Bakteri gram negative (E.colli, S.thypi, N.meningitidis ,N. gonorhoe,
B.melitensis dll) mengandung endotoxin, kompleks phospholipids polisakarida
makromolekul (lipopolisakarida (LPS) sebagai bagian terpenting dari envelope sel
bakteri (liat bag 180). Endotoxin, tidak seperti exotoxin yang dilepas hanya saat
pemecahan sel bakteri. Toxixitasnya muncul saat berhubungan dengan fraksi lipid,
dimana antigen determinan terletak pada komponen polisakarida. Sekarang banyak
diketahui mekanisme oleh LPS yang menggunakan efek biologisnya pada saat infeksi
sistemik saat bakteri gram negative atau infeksi local mayor yang mungkin juga dapat
menyebabkab sindrom sepsis. Keduanya pengaruh dari toxin dan imunologis. Dua
citokin yang paling penting dari efek toxin dan pro inflamatorik dari LPS dihasilkan
oleh LPS yang diaktivasi makrofag: Tumor nekrosis faktor(TNF) dan IL-1. TNF
memulai proinflamatori sitokin cascade. TNF yang teraktifasi oleh system koagulasi
berpengaruh pada endotel pembuluh darah dan menurunkan tekanan darah dan perfusi
jaringan dengan mengurangi kontraktilitas miokard dan merelaksasi otot polos.
Tingginya kadar TNF pada sirkulasi darah terjadi pada pasien meningokoksemia dan
bentuk lain sepsis yang berat. Masuknya TNF murni dengan konsentrasi tinggi dapat
menyebabkan syok dan kematian. Kemampuan LPS melalui produksi TNF dengan
menginduksi perlekatan leukosit pada endothelium kapiler dan merangsang
deposisi/penumpukan fibrin yang telah diusulkan sebagai dasar perkembangan lesi
kulit yang hemoragis dan nekrosis (dengan atau tanpa invasi bakteri langsung) yang
kadang terjadi selama bakteriemi oleh bakteri gram negative dan terutama pada
meningokoksemia. Purpura fulminan terjadi pada 10-20 % kasus yang menandai
sepsis meningokokus dan pada kasus berat yang berkembang thrombosis pembuluh
darah besar yang berhubungan dengan infark.(lihat Bab 145&180).
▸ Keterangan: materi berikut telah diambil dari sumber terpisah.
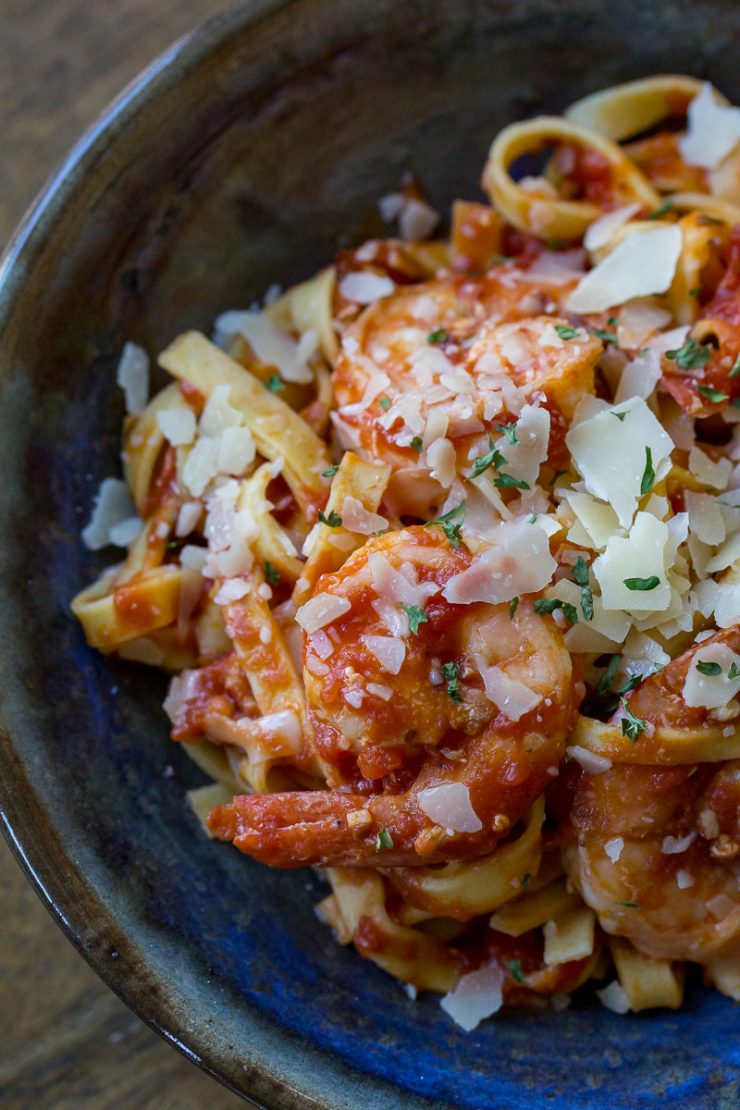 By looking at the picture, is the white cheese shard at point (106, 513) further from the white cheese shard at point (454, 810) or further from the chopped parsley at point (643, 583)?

Perubahan Pola infeksi bakteri pada Kulit
Ada 3 faktor yang dapat meningkatkan prevalensi dan virulensi infeksi
bakteri. Yang pertama kita telah menemukan bakteri pathogen baru seperti Bartonella
sp, yang sebelumnya tidak diketahui menyebabkan penyakit pada manusia. (lihat Bab
182). Yang kedua, bakteri itu sendiri menjadi lebih sulit dihilangkan melalui faktor
virulensi bawaan/aquisita dan resistensi antibiotik. Yang ketiga, adanya peningkatan
jumlah pasien imunocompromised selama proses menua dan melemah, yang
terinfeksi HIV dan imunosupresi iatrogenic. Sebagai tambahan pada pathogen yang
biasa, pada berbagai macam anggota non pathogen dari mikroflora pada kulit dapat
menyebabkan penyakit pada pasien yang lemah dan pada individu dengan perubahan
pertahanan seluler maupun humoral. Misalnya ektima gangrenosum selama invasi
pada kulit baik kerusakan lokal maupun sistemik yang hampir selalu tampak pada
neutropeni (lihat Bab 180). Pada pejamu yang imunokompeten, folikulitis disebabkan
oleh organisme yang sama. Dapat menyebabkan gatal, merupakan kelainan yang
dapat sembuh sendiri pada pejamu yang imunokompeten. Pada sindrom
imunokompeten yang didapat, pasien dengan angioma basilaris dengan kelainan
sistemik fatal bila tidak diterapi.
Pengaruh hipersensitivitas antigen bakteri pada reaksi inflamasi di kulit
Kemampuan bakteri untuk memicu respon imun pada tubuh manusia
menjelaskan beberapa peristiwa. Kemerahan pada dermatitis atopic yang di akibatkan
oleh S. aureus mungkin dihubungkan dengan munculnya sitokin pada lesi tersebut.
Dapat diibaratkan dengan infeksi streptokokus pada faring yang dapat menimbulkan
reaksi imunologi yang memicu terjadinya psoriasis melalui aktivasi system imun.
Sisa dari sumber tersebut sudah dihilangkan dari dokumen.